Whale sharks tend to come to the surface a great deal and ate lumbering. The loch would never hold enough food for one.

This is a guilty secret but I dived there in my late teens a few times (84 and up). It was part of a cycle we did including Scapa Flow and out in the Clyde. Got see some otters, loads of char but unfortunately no Nessie. I was up there a few years back for a music festival (Belladrum) and as the coach drove along the Loch you could not help but look out and maybe dream.
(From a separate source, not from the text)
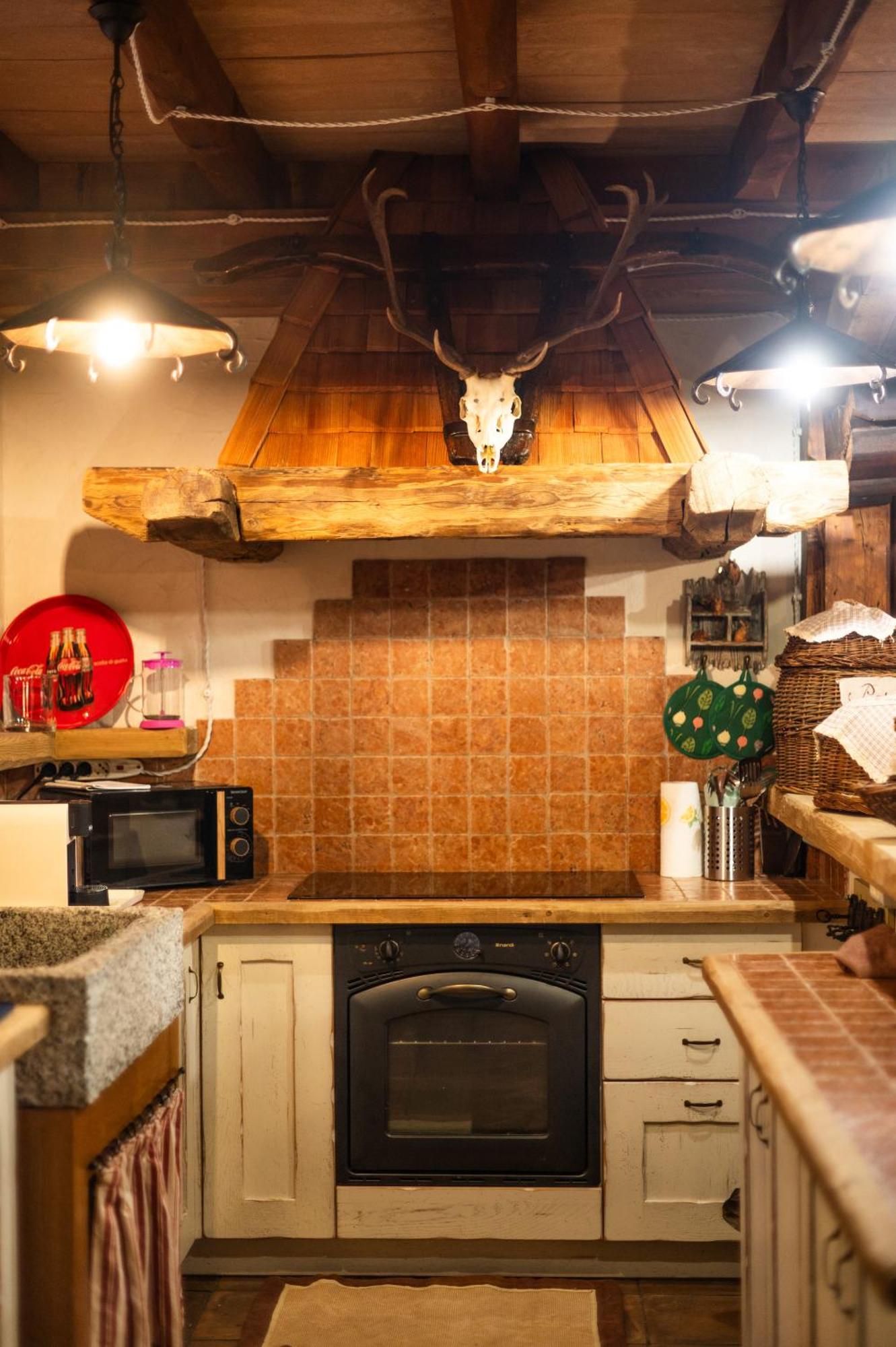 Alfio's Alpen Apartment *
Beautiful part of the World btw. Go visit.
 
Here's a pic I created for a discussion on another forum about this topic. Someone found a boat on a Google Maps image that while being clearer and brighter, looks pretty much the same as the "monster" appears on the Apple Maps image, and appears not much further north on a canal or river leading north from Loch Ness.

I decided to do an experiment with the image and I took wide images of the area from both Google Earth and Apple Maps (which use different satellite imagery of the area) and overlaid them and resized them until they neatly overlapped so that I knew they were at the same scale. I then cut out the following image of a Loch Ness / Caledonian Canal boat from Google Maps and put it alongside the image of the "Loch Ness monster" image from Apple Maps. The result is that the size and pattern of the both and the monster neatly match up. The monster is faded and obscured looking, but I think that's because of the algorithms that mapping apps use to blend together overlapping tiles from satellite imagery in order to blend out and blur out harsh boundaries between images. There are websites with all sorts of picture of hilarious Google Earth oddities caused by overlapping satellite imagery tiles.

 
Yeah, I think a lot of people very quickly figured it out. It's sad that this is what passes for "news" nowadays.
 
What's also sad is that the news article in the opening said the Loch Ness monster fan club spent SIX MONTHS examining the pic by 'experts' and concluded it was 'likely' the monster. I don't see how that's possible when others can spend five minutes on Google Earth and realise it's just a boat. I suspect they're playing fast and loose with the word 'expert'. What exactly can anyone do with a picture like that for six months without realising the obvious especially if you're some sort of expert?
 
What's also sad is that the news article in the opening said the Loch Ness monster fan club spent SIX MONTHS examining the pic by 'experts' and concluded it was 'likely' the monster. I don't see how that's possible when others can spend five minutes on Google Earth and realise it's just a boat. I suspect they're playing fast and loose with the word 'expert'. What exactly can anyone do with a picture like that for six months without realising the obvious especially if you're some sort of expert?
I think they use expert they same way bigfoot hunters use expert. Example: It could be a stump, it could be a Dodge Charger - the expert says it's Bigfoot.